The Standardized Vertical Velocity Anomaly Index (SVVAI): Using Atmospheric Dynamical Anomalies to Simulate and Predict Meteorological Droughts
Abstract. Vertically downward motion of air current is physically drought-inducing, which has the potential of being a simple and universal drought indicator. The core objective of the present study is to employ vertical motion to simulate and predict droughts after investigating dynamically drought-inducing mechanism. Season-scale drought processes and spatial distributions during 2009–2016 are our concerns, and all the drought study regions of China were chosen as the research areas.
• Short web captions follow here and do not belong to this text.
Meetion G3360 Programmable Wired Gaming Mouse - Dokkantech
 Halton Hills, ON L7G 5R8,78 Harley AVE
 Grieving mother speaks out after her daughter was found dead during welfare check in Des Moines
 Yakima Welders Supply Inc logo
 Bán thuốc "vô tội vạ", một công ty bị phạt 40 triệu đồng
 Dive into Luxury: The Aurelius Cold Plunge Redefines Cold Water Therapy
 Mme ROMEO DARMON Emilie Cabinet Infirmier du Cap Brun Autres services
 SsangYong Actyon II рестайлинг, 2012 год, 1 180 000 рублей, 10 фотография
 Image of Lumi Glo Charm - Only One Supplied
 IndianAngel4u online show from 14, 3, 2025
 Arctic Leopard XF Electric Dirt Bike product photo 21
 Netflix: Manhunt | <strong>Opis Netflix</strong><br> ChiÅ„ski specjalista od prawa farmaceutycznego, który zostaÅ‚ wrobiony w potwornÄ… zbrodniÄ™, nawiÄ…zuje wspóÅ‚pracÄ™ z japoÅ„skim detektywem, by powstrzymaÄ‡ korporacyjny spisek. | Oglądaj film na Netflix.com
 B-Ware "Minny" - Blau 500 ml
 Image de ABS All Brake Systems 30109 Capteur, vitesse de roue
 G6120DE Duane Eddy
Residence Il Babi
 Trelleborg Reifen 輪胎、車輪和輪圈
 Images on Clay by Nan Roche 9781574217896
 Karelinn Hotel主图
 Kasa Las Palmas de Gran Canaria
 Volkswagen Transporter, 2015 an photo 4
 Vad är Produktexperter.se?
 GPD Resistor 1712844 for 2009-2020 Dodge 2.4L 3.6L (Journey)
Three-month SPI (SPI3) updated daily was used to identify drought processes, and original vertical motion and associated horizontal divergence were also transformed to season-scale standardized anomalies (SA) with a daily running window. In situ observation, ERA-Interim reanalysis, and CFSv2 forecast products were comprehensively employed for drought simulation and prediction. To date, the main results and conclusions are as follow: (1) Atmospheric dynamical anomalies during drought processes and key phases were uncovered. Dynamically drought-inducing features are generally characterized as the typically anomalous
upper-convergence–lower-divergence patterns and the intensified downward vertical motion as expected. Signal intensities and vertical configurations are time-varying and seemingly coincide with evolution of regional processes. Particularly, vertical velocity exhibited universally strengthened downward anomalies over almost all the droughts. (2) On the basis of dynamically vertical features uncovered above, the SVVAI (Standardized Vertical Velocity Anomaly Index) is newly proposed. The SVVAI is calculated using SA-based values of vertical motion at multiple pressure levels in the troposphere. The SVVAI_ave and SVVAI_max, corresponding to the vertically average- and maximum-based computation schemes, can be adopted. (3) Drought processes and spatial distributions were simulated with the SVVAI_ave and SVVAI_max. They commonly show highly positive correlations with realistic ones over most regions, and the SVVAI_ave outperformed the SVVAI_max. (4) To further understand difference of simulation capacity, temporal correlation coefficients (TCC) of the SVVAI_ave against observed SPI3 at the grid scale were used for analysis. Positive TCCs above +0.3 occupies most areas to the east of 110° E, while large-area low TCCs (−0.1 ~ +0.3) appear to the west of 110° E over China. It is notably seen that East China and Northeast China are the two regions with highly positive TCCs (+0.6 ~ +0.8). (5) Drought prediction using the SVVAI_ave was preliminarily explored. Regarding the prospective 60-day process prediction, the predicted SVVAI_ave was equally matched with or a little better than the forecasted SPI3 in most cases. Predicted spatial distribution is preliminarily assessed via the example of the 2011 summer–autumn drought over Southwest China, and prediction performance at the occurrence, peak and termination times are inconsistent. (6) Overall, the novel SVVAI herein may be complementary to current approaches of operational drought monitoring and prediction. Further study could be focused on the two following aspects: One is index applicability, that is to say, to explore when and where the predicted SVVAI outperforms the forecasted SPI3. The other is to further explore antecedent drought-inducing signals of atmospheric/oceanic anomalies with the bridge of vertical motion, which may provide a fundamental approach for drought prediction with long lead times.